James Kanze
11/21/2008 9:36:00 AM
On Nov 20, 2:12 pm, Juha Nieminen <nos...@thanks.invalid> wrote:
> Lars Uffmann wrote:
> > What's wrong with the (imo really good) VB approach to store
> > dates as a floating point value with the whole numbers being
> > the days since day X and the fraction being the part of the
> > day elapsed?
> Accuracy comes to mind. For example the value 0.1 cannot be
> represented accurately with base-2 floating point numbers (for
> the exact same reason as 1/3 cannot be represented accurately
> with base-10 decimal numbers).
> If you add 0.1 to itself 10 times, you won't get 1.0 (you get
> a value which is extremely close to it, but not exactly 1.0).

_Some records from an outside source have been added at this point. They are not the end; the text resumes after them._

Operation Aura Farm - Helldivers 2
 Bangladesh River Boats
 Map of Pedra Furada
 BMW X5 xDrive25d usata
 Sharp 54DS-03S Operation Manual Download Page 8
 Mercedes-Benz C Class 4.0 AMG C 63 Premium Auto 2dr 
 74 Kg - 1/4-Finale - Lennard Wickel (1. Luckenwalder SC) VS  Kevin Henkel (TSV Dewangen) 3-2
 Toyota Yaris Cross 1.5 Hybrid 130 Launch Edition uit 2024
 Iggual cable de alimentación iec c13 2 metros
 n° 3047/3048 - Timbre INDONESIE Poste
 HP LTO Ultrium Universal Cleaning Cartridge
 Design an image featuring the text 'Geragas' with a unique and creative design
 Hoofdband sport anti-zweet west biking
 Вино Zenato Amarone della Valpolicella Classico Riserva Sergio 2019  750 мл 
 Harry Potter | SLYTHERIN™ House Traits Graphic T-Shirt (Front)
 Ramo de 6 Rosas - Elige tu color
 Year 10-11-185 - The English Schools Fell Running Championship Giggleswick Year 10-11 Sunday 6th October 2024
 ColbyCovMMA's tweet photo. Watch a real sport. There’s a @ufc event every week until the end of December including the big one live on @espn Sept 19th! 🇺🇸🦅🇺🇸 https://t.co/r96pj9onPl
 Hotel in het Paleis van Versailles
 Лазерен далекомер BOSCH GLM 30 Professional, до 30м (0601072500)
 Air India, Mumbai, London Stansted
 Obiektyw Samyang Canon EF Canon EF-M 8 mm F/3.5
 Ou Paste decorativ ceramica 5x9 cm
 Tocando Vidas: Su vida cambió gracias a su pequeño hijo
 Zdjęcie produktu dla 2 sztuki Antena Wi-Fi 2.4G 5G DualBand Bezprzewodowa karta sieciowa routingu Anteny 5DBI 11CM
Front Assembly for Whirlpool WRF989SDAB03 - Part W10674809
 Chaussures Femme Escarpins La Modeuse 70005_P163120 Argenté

> That might not be what one wants.
Just a nit, but you *might* get 1.0. More accurately, too, you
probably can't add 0.1 to itself, because you can't have a value
0.1, just a value which is extremely close to it. Although the
standard allows base 10 floating pointer arithmetic, I don't
know of a modern implementation that uses anything other than
base 2, 8 or 16. And 0.1 isn't representable in any of those
bases. (And of course, if adding 0.1 ten times does happen to
work, just choose some other value---whatever the
representation, adding 1/N to itself N times will fail to give 1
for some N. Because 1/N isn't representable.)
But the basic objection remains: you can't exactly represent
seconds, and the results of any calculations which should result
in seconds may be off by some very small amount. Which could
cause problems if you want to compare two times. Not to mention
that you're likely to end up with fractions of a second when you
don't want them. All in all, using floating point here is
probably the worst possible solution (but the standard allows
it: time_t may be a typedef to double).